MEMÓRIA / MYRIAM MUNIZ
Esther Hamburger

‘Myriam Muniz e o desconforto com a TV’, copyright Folha de S. Paulo, 29/12/04

‘No último dia 18 morreu Myriam Muniz, grande figura dos palcos brasileiros. Ao contrário de muitos de seus companheiros do Teatro de Arena, a atriz e diretora fazia parte de um grupo menos conhecido do grande público: o dos que não fizeram, ou fizeram pouca TV.

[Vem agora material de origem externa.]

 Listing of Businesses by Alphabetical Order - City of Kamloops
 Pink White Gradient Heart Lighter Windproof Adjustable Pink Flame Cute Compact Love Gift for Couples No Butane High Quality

A carreira de Muniz, atriz e diretora, faz parte da trajetória de profissionais atuantes na esquerda cultural dos anos 60 que hesitaram diante da expansão dos meios eletrônicos.

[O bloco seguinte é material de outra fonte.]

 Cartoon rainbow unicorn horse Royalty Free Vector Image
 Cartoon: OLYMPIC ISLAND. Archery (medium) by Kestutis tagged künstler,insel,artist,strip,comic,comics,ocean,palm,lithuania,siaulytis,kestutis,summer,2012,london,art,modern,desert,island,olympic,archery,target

Quando o governo militar fechou o teatro, a Rede Globo investia na produção de teledramaturgia. Alguns dos jovens atores engajados migraram para a então recém-inaugurada emissora carioca sem necessariamente abdicar de seus ideais.

No Arena, Muniz contracenou e conviveu com atores como Antônio Fagundes, Juca de Oliveira, Gianfrancesco Guarnieri, Paulo José e Dina Sfat.

Outros -por convicção, porque foram para o exílio no exterior (caso do diretor Augusto Boal), porque não se adaptavam à rotina da indústria cultural, ou por uma combinação desses fatores- permaneceram fiéis aos palcos.

O papel mais popular de Muniz foi D. Santa, a mãe de ‘Nino, o Italianinho’ [com Juca de Oliveira], novela que foi ao ar em 1969, na ainda poderosa Tupi.

A popularidade constrangeu a atriz pouco preparada para representar o papel de estrela. Na esteira do sucesso dessa performance, ela interrompeu abruptamente sua participação televisiva.

Suas interpretações em filmes de Ana Carolina ajudaram a trazê-la de volta em papéis pequenos, porém fortes, nas minisséries ‘Dona Flor e Seus Dois Maridos’ e ‘Os Maias’. Em 2004 apareceu na estranha ‘Metamorphoses’ (Record).

Muniz era uma atriz densa. Seu jeito não combinava com o naturalismo que impregna a TV. Seu desconforto na tela pequena era visível. Pior para o público.